[WHAT YOU SHOULD DO] Provide again, from the entries below, every line from the one containing "高壓供料器壓送氣力輸送系統(tǒng) 高壓供料器壓送氣力輸送系統(tǒng)" through the one containing "Jasper Cillessen card", exactly as written, and no other line.

[DATA TO PROCESS]
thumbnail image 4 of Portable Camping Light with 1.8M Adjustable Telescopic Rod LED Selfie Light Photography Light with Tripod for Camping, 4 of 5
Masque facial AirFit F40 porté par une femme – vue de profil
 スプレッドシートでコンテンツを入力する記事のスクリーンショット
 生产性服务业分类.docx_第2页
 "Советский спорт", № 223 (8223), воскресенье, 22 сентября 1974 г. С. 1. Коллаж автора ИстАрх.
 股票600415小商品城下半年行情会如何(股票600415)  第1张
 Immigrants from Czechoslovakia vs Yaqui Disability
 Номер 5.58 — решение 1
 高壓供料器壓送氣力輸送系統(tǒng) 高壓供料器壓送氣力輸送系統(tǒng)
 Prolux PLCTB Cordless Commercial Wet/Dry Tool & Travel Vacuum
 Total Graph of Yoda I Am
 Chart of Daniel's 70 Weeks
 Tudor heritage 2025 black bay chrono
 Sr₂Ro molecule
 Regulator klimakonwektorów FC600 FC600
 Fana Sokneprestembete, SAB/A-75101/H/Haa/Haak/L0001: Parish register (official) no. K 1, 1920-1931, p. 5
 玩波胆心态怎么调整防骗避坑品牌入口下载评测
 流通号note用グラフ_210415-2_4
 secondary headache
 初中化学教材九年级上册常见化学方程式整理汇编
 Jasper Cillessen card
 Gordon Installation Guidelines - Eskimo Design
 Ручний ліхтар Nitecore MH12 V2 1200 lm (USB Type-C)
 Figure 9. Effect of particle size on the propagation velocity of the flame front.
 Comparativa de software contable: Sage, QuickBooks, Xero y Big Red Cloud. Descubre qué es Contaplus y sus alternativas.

[ANSWER TO THIS PROBLEM]
 高壓供料器壓送氣力輸送系統(tǒng) 高壓供料器壓送氣力輸送系統(tǒng)
 Prolux PLCTB Cordless Commercial Wet/Dry Tool & Travel Vacuum
 Total Graph of Yoda I Am
 Chart of Daniel's 70 Weeks
 Tudor heritage 2025 black bay chrono
 Sr₂Ro molecule
 Regulator klimakonwektorów FC600 FC600
 Fana Sokneprestembete, SAB/A-75101/H/Haa/Haak/L0001: Parish register (official) no. K 1, 1920-1931, p. 5
 玩波胆心态怎么调整防骗避坑品牌入口下载评测
 流通号note用グラフ_210415-2_4
 secondary headache
 初中化学教材九年级上册常见化学方程式整理汇编
 Jasper Cillessen card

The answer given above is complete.